►
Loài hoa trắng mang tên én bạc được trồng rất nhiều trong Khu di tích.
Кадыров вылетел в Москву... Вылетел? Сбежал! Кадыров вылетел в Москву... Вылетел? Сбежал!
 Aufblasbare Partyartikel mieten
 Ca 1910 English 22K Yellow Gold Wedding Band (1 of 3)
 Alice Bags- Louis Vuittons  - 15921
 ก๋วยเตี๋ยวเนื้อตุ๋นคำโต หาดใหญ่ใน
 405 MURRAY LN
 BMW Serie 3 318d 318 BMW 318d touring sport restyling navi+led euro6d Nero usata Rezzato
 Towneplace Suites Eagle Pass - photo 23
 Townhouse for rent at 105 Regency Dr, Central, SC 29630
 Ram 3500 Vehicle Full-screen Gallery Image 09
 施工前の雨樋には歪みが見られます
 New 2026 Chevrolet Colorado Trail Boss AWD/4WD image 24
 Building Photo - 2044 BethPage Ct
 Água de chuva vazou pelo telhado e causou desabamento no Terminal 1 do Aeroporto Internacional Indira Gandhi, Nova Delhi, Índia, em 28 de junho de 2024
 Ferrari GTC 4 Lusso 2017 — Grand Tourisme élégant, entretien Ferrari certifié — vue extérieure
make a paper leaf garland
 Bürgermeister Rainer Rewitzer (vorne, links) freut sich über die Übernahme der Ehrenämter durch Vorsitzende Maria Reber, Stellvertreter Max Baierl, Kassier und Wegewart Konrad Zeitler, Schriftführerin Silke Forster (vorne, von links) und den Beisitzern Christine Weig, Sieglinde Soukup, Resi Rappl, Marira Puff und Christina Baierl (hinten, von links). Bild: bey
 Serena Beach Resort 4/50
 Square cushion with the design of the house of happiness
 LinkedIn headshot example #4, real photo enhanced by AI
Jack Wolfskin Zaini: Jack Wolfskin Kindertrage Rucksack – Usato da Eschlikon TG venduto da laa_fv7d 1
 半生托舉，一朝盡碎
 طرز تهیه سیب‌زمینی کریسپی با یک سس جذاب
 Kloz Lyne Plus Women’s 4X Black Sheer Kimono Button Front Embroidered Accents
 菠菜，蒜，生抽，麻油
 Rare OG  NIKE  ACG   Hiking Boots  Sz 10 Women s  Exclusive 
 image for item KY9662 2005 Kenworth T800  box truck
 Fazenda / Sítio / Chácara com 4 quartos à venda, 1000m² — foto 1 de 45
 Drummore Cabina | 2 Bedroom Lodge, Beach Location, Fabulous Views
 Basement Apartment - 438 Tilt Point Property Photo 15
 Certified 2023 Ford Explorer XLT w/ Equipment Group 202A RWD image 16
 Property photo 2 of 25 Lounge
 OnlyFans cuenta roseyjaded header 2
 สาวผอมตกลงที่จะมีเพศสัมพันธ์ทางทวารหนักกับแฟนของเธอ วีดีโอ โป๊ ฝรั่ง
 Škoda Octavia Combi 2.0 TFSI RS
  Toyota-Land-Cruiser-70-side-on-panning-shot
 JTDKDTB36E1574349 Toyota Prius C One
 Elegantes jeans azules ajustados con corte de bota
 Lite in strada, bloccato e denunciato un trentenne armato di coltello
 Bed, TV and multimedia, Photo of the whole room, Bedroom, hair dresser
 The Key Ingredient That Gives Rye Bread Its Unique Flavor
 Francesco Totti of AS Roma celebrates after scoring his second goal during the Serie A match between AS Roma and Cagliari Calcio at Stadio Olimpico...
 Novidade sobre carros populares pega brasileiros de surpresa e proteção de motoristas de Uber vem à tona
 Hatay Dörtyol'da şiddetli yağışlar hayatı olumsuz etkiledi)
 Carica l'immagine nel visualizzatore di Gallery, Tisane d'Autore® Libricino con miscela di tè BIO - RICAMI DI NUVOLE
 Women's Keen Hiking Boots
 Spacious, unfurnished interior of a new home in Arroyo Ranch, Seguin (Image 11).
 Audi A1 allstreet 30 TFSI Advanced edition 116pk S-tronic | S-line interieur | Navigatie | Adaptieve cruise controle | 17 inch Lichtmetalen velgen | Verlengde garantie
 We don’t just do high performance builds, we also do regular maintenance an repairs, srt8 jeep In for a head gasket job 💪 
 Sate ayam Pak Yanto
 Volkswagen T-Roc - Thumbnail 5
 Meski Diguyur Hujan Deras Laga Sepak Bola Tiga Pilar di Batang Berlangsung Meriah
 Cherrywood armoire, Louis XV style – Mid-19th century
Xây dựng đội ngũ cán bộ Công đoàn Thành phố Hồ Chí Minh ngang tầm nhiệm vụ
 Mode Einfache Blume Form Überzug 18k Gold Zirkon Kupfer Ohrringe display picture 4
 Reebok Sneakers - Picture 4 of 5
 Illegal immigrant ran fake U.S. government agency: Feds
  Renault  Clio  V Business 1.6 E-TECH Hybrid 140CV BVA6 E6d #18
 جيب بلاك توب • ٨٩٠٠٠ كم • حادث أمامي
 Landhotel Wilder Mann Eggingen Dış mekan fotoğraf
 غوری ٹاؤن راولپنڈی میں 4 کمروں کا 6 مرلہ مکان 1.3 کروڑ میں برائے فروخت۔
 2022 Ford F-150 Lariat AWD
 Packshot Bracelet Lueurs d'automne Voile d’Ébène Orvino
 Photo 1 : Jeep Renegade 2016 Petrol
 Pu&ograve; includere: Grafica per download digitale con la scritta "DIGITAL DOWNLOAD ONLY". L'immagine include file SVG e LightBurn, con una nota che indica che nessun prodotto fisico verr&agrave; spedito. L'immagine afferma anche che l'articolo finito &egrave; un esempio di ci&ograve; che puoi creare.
◄
- [TASK DESCRIPTION]
Exact copies of the lines from the one containing "Reebok Sneakers - Picture 4 of 5" through the final line of the records are all the answer should hold.

- [EXERCISE ANSWER]
 Reebok Sneakers - Picture 4 of 5
 Illegal immigrant ran fake U.S. government agency: Feds
  Renault  Clio  V Business 1.6 E-TECH Hybrid 140CV BVA6 E6d #18
 جيب بلاك توب • ٨٩٠٠٠ كم • حادث أمامي
 Landhotel Wilder Mann Eggingen Dış mekan fotoğraf
 غوری ٹاؤن راولپنڈی میں 4 کمروں کا 6 مرلہ مکان 1.3 کروڑ میں برائے فروخت۔
 2022 Ford F-150 Lariat AWD
 Packshot Bracelet Lueurs d'automne Voile d’Ébène Orvino
 Photo 1 : Jeep Renegade 2016 Petrol
 Pu&ograve; includere: Grafica per download digitale con la scritta "DIGITAL DOWNLOAD ONLY". L'immagine include file SVG e LightBurn, con una nota che indica che nessun prodotto fisico verr&agrave; spedito. L'immagine afferma anche che l'articolo finito &egrave; un esempio di ci&ograve; che puoi creare.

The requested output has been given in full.